# 600 amp panel board for 6,000 S.F. residence



## BayPointArchitect (Apr 8, 2011)

After designing a new 6,000 S.F. home, I provided "preliminary" power and lighting drawings.  For bidding purposes, I thought it would be best to call out a 600 amp panel, 1-ph, 120/240V ... and I expect that whoever gets the bid will determine if they need 30 or 42 breaker spaces, etc.

My logic is simple.  A typical 2,000 S.F. house is usually equipped with a 200 amp panel.  Therefore a house that is 3 times the size should be equipped with a panel that is 3 times the size.

Am I way off base?

Is a 600 amp panel overkill?

Thanks


----------



## north star (Apr 8, 2011)

** * * **

BayPointArchitect,

IMO, the 600 amp panel IS overkill, ...unless there is a definite, calculated

need for that much.

Have the calculations on the residence been performed, ...for the minimum

requirements and any "future" needs / desires?

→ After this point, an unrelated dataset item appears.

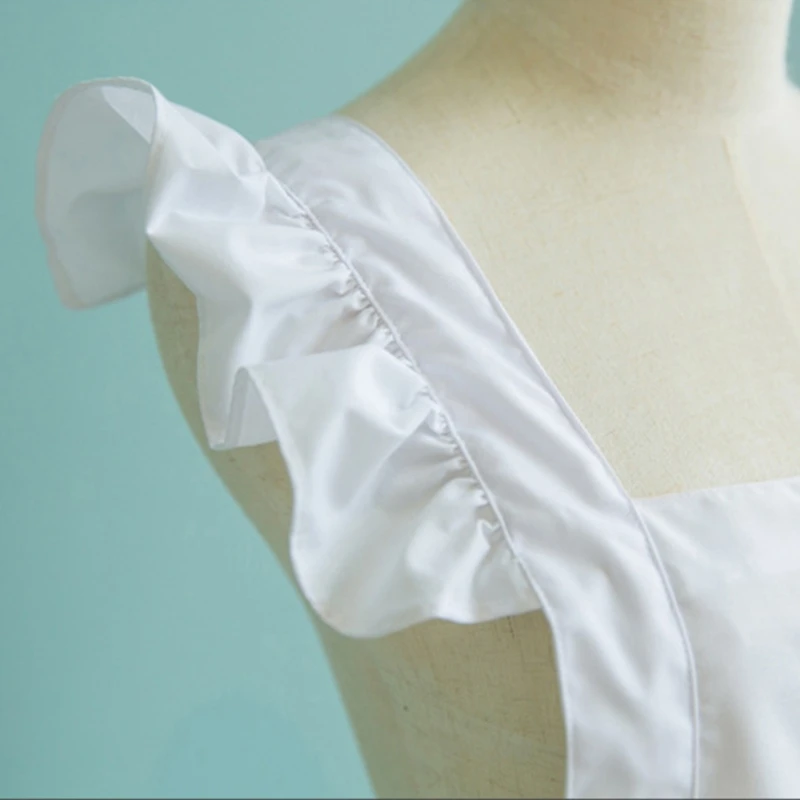 Womens Girls Ruffles Outline Retro White Apron Adjustable Victorian Bib Maid Cosplay Kitchen Cake Baking Cooking Cleaning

That would be my recommendation.....Have all of the calculations submitted

for review.



> *"A typical 2,000 S.F. house is usually equipped with a 200**amp panel**."*


What some say is "typical", I would say is convenient and profitable!It has been my experience that most 2,000 sq. ft. homes do not "NEED"

a 200 amp. service.....It is just easier and profitable for the electrical

contractor to install that size.

Your experience may be different!  

** * * **


----------



## Paul Sweet (Apr 8, 2011)

It depends.  If the house has electric heat or a lot of glass facing southwest, then it could require 600 amps.  If it has oil or gas heat and the solar gain isn't excessive, then a 400 amp panel should work.  I usually specified multiple 200 amp 30 pole subpanels for large houses.  Some power companies require CT cabinets for 600 amp and larger services.


----------



## jj1289 (Apr 8, 2011)

Most homes up to 2600 sf could get away with a 100 amp service, however they always install a 200 amp service.  The main reason is space for the breakers and not wanting to install a subpanel


----------



## conarb (Apr 8, 2011)

I built a 8,000 square foot home in 1982 and it required an 1,100 service, the home had water solar panels for heat and the AHJ required electric coils in the heat ducts in case the solar didn't work, the solar completely failed (plastic deteriorated) and was removed at it's 10 year service life, so the home is heated today by those electric coils. good thing the AHJ made the EE put them in.


----------



## GHRoberts (Apr 8, 2011)

I believe the code has a formula to determine service size.Just guessing is a very expensive method of sizing a service.

---

Heating requirements vary a great deal from electric resistance heat to ground source heat pumps to fossil fuels.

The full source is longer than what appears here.